Two, a brutal bear market in GCC equities gutted investor appetites for IPO’s, a classic vehicle for private equity exits. Three, an accounting and fraud scandal in a private equity financed, listed jewelry chain raised disturbing issues about the low calibre of regulation, disclosure and due diligence in the region. Four, several sovereign state owned private equity funds were forced to sell dismember empires to repay debt or meet bank margin calls. Five, regional L.P’s reneged on capital call commitments en masse as they faced the worst cash squeeze the region has faced since the banking property meltdowns of the mid 1980’s. Fundraising and exits were the obvious victims of the new macro zeitgeist.

Five, the Arab spring destroyed the case for a MENA paradigm in investing. Political risk in Egypt meant financial disaster for many private equity financed companies and a bear market in the Arab world’s ultimate growth market. The collapse of the Turkish lira and the Pakistani rupee, down 30-40% since 2008 for dollar investors, has dramatically reduced the potential IRR of Gulf funds who invested in these two key MENA countries. Six, the banking system’s woes in the GCC since 2008 meant acquisition debt finance has become even more expensive and many Western banks have slashed credit lines in the region. Seven, the industry’s dependence on merchant family L.P’s has been amplified by the credit crunch faced by their clients as GCC banks slashed corporate loan facilities even as the property asset values plummeted by 60-80% off their peak.
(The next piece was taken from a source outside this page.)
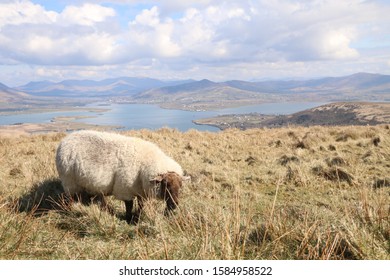 Sheep Grazing In The Ring Of Kerry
Private equity even on Wall Street is gripped in a secular bear market. Blackstone, arguably history’s largest, most successful private equity empire, lost 85% of its value after its flotation in New York at the height of the credit bubble in 2007. Strangely enough, valuation multiples (demanded by sellers, not actually paid by buyers. There is a deal ice age now) nowhere near reflect public market comparable where even a major public bank like Emirates NBD trades at 6 times earnings and a 40% discount to book value. The bear markets in GCC and emerging markets mean high priced IPO’s and even trade sales are no longer possible. Funds must meanwhile finance loss making companies in places like Egypt and cut bloated costs in countries hit by the Arab Spring. Fund raising for new funds is virtually impossible. L.P family offices reneged on capital calls. Valuation multiples are nowhere near rock bottom in both the public and private markets. The bear market in MENA private equity will continue.